И все… Как бы на секунду, спохватившись, вернулся человек, вежливо кивнул на прощанье и тихонько притворил за собою дверь.

И тут я вспомнила, что еще об одной вещи забыла спросить. Тоже очень важный вопрос… А вот забыла о нем, отвлеклась. Хотя и об этом ужасно хотелось бы услышать их мнение. Болезнь, болезнь… Ведь не случайно же и они столь многое у нас пытались объяснить каким-либо недугом!..

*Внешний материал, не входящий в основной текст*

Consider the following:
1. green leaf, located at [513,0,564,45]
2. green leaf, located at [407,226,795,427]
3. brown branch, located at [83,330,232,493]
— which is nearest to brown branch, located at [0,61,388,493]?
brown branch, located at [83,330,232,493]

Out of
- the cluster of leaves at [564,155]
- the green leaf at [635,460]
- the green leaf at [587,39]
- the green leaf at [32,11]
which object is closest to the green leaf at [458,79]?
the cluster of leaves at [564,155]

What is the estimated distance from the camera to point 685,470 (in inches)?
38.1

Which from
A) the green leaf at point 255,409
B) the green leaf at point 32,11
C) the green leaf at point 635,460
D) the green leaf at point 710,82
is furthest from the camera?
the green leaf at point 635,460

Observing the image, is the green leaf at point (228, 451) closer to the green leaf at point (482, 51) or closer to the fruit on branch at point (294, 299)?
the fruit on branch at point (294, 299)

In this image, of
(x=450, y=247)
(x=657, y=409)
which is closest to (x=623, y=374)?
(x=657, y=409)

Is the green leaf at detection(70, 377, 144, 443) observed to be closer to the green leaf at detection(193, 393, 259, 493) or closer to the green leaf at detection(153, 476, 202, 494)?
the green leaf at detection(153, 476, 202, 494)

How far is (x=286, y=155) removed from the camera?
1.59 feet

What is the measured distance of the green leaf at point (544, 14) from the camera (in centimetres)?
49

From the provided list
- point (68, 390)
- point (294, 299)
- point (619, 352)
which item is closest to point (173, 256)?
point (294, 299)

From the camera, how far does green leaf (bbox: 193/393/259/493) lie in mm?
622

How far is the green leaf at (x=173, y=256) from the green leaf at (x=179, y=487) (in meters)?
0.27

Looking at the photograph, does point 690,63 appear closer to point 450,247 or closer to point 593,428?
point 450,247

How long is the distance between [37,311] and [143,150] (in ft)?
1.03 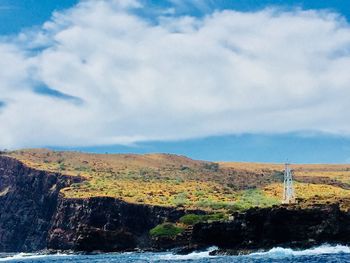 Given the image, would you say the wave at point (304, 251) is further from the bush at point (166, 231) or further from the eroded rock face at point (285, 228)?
the bush at point (166, 231)

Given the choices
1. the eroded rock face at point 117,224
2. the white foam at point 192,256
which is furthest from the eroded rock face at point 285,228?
the eroded rock face at point 117,224

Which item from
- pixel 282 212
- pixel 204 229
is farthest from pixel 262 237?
Result: pixel 204 229

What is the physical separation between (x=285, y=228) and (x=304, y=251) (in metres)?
8.21

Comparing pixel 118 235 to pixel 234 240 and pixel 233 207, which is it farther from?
pixel 234 240

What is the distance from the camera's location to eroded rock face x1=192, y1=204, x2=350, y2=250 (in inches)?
4505

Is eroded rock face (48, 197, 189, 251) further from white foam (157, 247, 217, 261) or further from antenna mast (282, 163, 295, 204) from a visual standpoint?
white foam (157, 247, 217, 261)

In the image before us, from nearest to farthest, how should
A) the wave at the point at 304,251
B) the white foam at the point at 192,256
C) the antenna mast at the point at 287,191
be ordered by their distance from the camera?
the wave at the point at 304,251 → the white foam at the point at 192,256 → the antenna mast at the point at 287,191

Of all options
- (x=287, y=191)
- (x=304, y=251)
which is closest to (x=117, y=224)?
(x=287, y=191)

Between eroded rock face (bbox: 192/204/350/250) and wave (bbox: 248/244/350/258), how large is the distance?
1943mm

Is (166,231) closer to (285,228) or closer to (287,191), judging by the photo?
(287,191)

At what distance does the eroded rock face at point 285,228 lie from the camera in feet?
375

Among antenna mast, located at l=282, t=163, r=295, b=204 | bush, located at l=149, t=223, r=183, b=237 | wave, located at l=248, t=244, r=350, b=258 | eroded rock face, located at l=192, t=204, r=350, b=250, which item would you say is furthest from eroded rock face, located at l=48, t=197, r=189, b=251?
wave, located at l=248, t=244, r=350, b=258

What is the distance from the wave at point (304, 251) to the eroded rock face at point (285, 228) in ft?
6.37

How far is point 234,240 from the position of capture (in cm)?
12594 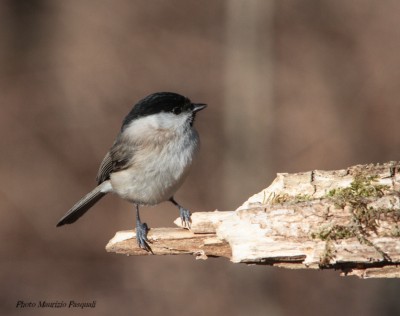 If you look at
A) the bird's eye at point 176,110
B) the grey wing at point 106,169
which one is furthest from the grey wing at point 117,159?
the bird's eye at point 176,110

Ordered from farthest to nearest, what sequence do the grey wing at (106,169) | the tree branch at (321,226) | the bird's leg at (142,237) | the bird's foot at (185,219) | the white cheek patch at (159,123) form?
the grey wing at (106,169) < the white cheek patch at (159,123) < the bird's leg at (142,237) < the bird's foot at (185,219) < the tree branch at (321,226)

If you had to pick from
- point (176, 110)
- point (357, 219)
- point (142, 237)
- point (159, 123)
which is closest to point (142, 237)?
point (142, 237)

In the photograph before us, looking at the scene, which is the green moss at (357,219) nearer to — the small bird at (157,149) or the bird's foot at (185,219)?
the bird's foot at (185,219)

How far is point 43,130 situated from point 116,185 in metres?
4.82

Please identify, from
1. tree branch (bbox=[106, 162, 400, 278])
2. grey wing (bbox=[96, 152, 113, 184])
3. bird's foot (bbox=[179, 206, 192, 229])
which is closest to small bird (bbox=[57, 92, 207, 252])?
grey wing (bbox=[96, 152, 113, 184])


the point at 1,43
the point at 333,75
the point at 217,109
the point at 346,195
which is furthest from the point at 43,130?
the point at 346,195

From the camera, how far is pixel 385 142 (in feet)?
31.6

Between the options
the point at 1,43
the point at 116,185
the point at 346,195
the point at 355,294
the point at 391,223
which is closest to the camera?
the point at 391,223

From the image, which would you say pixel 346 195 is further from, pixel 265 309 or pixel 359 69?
pixel 359 69

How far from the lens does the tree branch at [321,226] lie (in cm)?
343

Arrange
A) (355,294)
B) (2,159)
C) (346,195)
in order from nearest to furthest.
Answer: (346,195), (355,294), (2,159)

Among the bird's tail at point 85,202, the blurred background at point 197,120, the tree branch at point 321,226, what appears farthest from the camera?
the blurred background at point 197,120

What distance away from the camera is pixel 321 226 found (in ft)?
11.6

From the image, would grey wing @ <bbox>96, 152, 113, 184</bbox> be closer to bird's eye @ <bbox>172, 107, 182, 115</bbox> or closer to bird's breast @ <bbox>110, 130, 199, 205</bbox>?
bird's breast @ <bbox>110, 130, 199, 205</bbox> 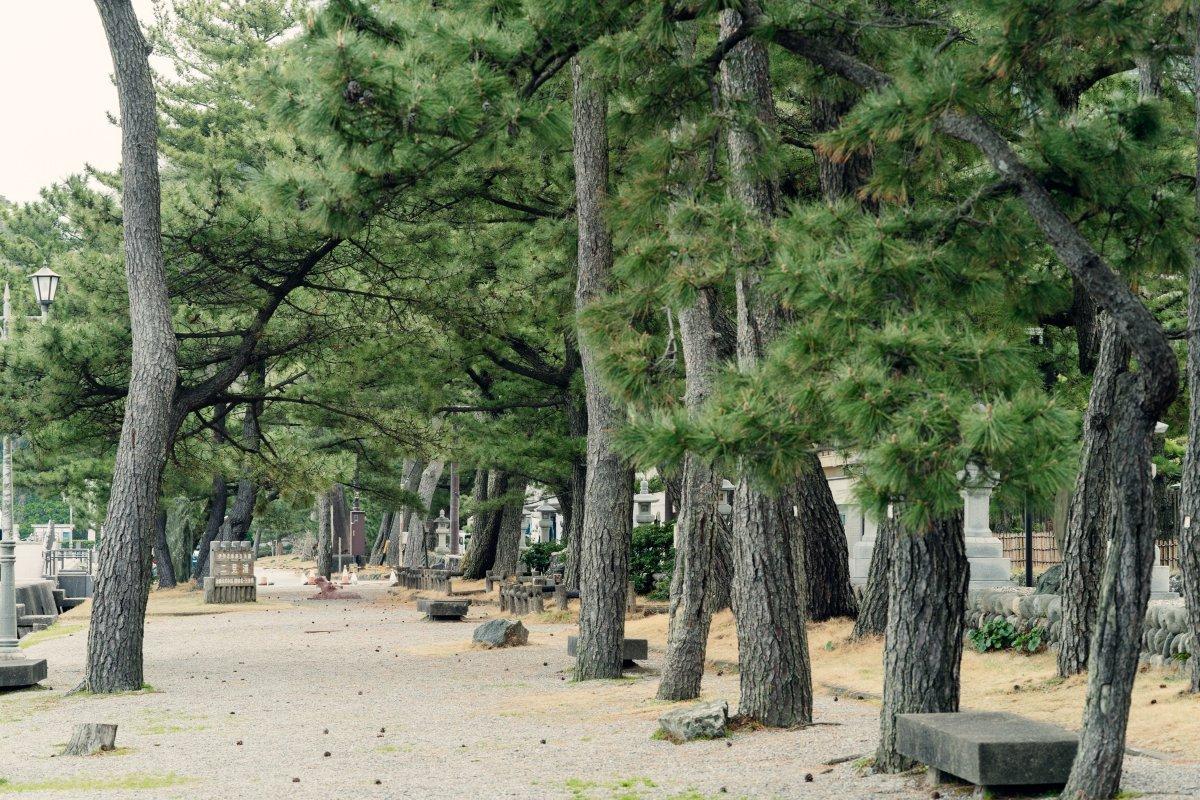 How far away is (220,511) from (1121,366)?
31.5m

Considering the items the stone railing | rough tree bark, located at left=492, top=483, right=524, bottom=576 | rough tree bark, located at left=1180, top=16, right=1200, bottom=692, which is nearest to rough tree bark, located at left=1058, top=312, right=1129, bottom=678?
the stone railing

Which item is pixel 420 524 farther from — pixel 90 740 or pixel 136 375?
pixel 90 740

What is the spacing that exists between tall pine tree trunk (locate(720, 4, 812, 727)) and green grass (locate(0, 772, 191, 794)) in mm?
3843

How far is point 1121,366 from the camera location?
10.6 meters

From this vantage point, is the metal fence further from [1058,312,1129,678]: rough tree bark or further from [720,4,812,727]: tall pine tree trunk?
[720,4,812,727]: tall pine tree trunk

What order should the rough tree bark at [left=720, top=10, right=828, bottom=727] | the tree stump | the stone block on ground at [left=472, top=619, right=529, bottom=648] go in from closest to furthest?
the tree stump → the rough tree bark at [left=720, top=10, right=828, bottom=727] → the stone block on ground at [left=472, top=619, right=529, bottom=648]

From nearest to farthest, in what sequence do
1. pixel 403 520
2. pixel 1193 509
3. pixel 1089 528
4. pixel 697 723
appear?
pixel 697 723 < pixel 1193 509 < pixel 1089 528 < pixel 403 520

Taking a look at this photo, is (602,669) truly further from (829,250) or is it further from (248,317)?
(248,317)

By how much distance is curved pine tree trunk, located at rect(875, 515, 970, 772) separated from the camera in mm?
7055

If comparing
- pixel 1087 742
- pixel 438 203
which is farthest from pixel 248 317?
pixel 1087 742

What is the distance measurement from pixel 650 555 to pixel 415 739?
15.3 meters

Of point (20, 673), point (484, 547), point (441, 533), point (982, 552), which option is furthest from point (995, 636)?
point (441, 533)

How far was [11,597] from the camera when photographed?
54.8 ft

— Скажите, — хотела спросить я исчезнувших собеседников, — ведь все-таки вы изучили нашу жизнь. Ну, хотя бы количественно. Потому что непросто полностью понять других, даже если вы и высшая цивилизация. Может быть, вам это в принципе не нужно. Но вспомните, встречались ли вам группы, множества взрослых людей, которые тоже не участвуют в практической деятельности? Они собраны в особые коллективы, они изолированы, и их тоже обслуживают, как детей.

И ОНИ наверняка ответили бы: «Да, видели. Это — больные люди».

«Не всякие больные», — возразила бы я и постаралась бы в меру уменья обратить их мысли на тех, при одном взгляде на которых опытных психиатров былых времен — а за границей и поныне — охватывало трепетное чувство сострадательной вины и покаяния за собственную, скажем так, недальновидность.

Я не знала, что ответили бы мне пришельцы и подтвердили ли бы мою точку зрения, но было обидно, что все это останется впредь только со мной… Ибо давно уже приходило мне в голову, тоскливо беспокоя: что же это на самом деле такое, психическая болезнь? «Лезнь-лезнь-лезнь…» Может, и не надо лечить ее так грубо, настойчиво и безуспешно, как поступаем мы сейчас.

Не болезнь это вовсе, которой можно ненароком заразиться, а нечто в принципе другое. Вкривь и вкось, неумело построенный дом. Неправильная, неудавшаяся модель человека. У природы тоже бывают просчеты — способов творения безмерное число, а что до воплощения… И вот такая странная — побочная, наверное, — модель живет. Да, неудачная, и впрямь патологическая, но такая, как уж есть… И это следует понять. Признать, в конце концов, и просто-напросто заботиться о них, об этих, в сущности, неполноценных детях. Не пытаться изменить их в свою сторону — слишком жестокая для них цена. Да, по большому счету, и для нас… Ведь заботимся же мы о других — обычных! — детях, художниках и артистах и не жалеем, не злимся, потому что имеем выгоду. А тут мы ее, этой выгоды, не имеем. Но должны делать все без всякой видимой для себя пользы, потому что польза бывает тоже невидимая. Как давешние собеседники — заботиться, а не «лечить»… Неумело и наугад, пичкая жуткими дозами своих химических достижений, далеко, к сожалению, не замечательных, а ведущих лишь к окончательной деградации. Мы должны осознать, что уже не сумеем сделать этих неполноценных детей похожими на себя, потому что самой природой заложено в них быть другими. Мы должны принять их такими, как есть, этих несовершенных детей, а не обезличивать их окончательно своим вмешательством, тем самым и делая их похожими на себя!